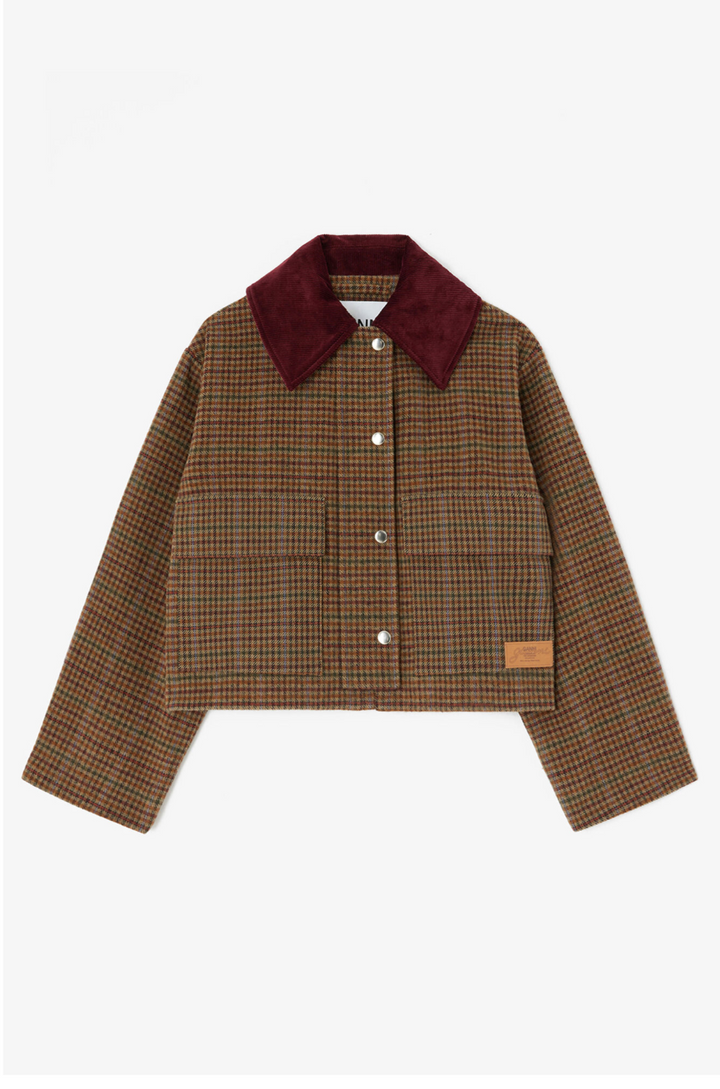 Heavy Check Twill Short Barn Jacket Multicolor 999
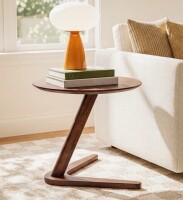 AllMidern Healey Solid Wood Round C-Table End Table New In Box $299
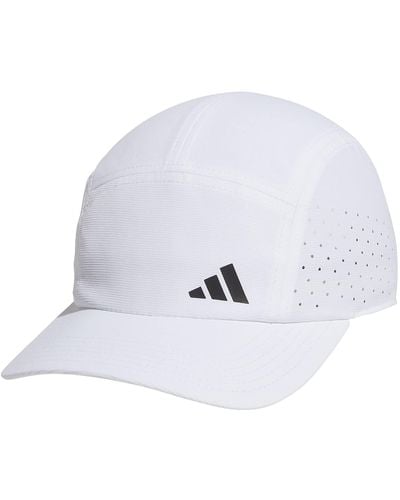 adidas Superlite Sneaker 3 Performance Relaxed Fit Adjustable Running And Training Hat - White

* * *

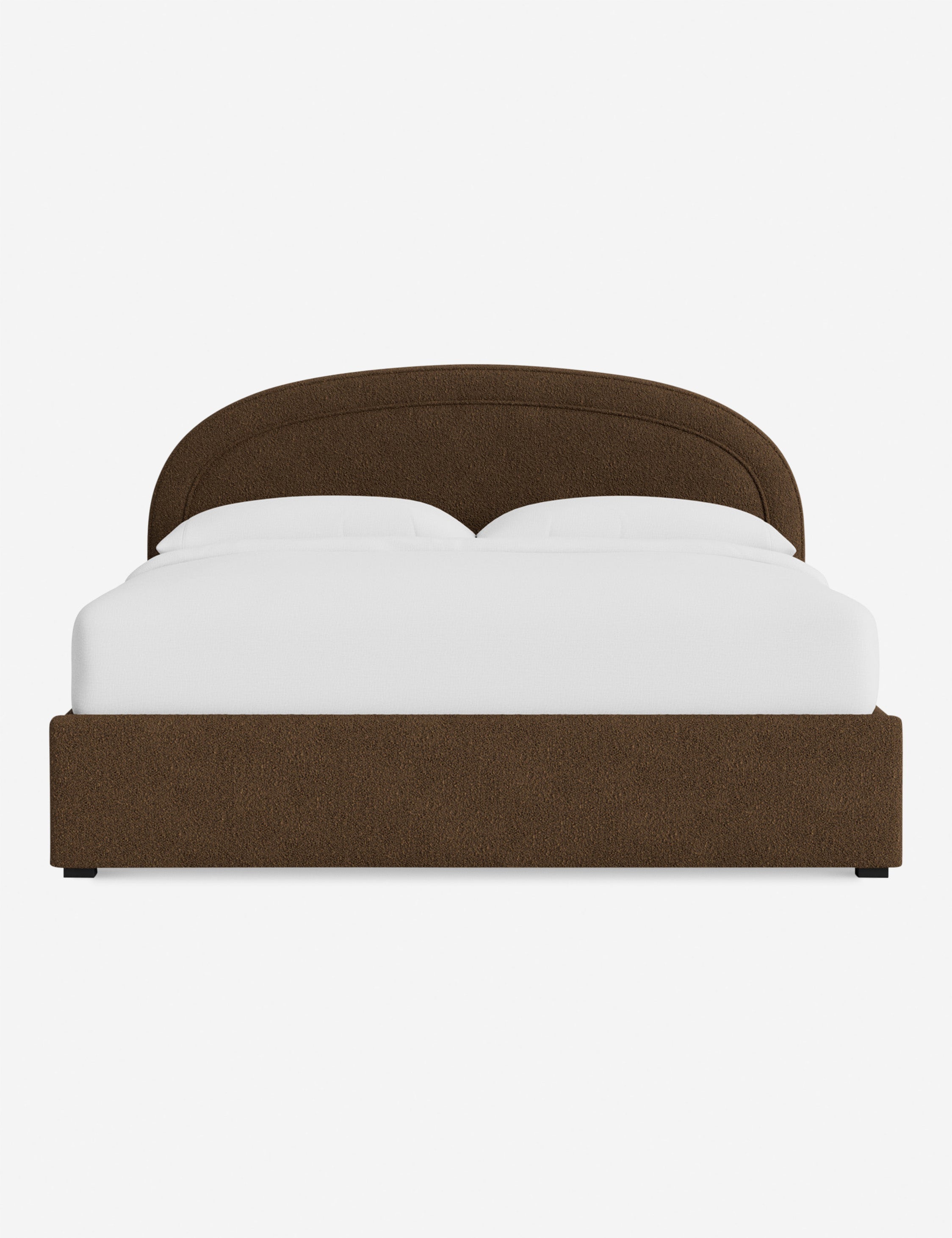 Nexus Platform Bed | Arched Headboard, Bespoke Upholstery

* * *

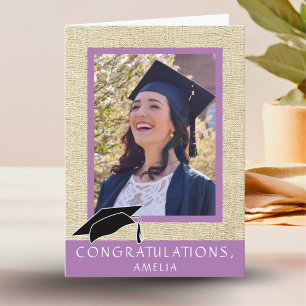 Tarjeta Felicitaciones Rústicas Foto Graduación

* _WHAT TO WORK ON_:
"AllMidern Healey Solid" marks the first line to copy, and "adidas Superlite Sneaker" marks the last. Repeat that stretch above exactly, with no pictures.

* _THE ANSWER_:
 AllMidern Healey Solid Wood Round C-Table End Table New In Box $299
 adidas Superlite Sneaker 3 Performance Relaxed Fit Adjustable Running And Training Hat - White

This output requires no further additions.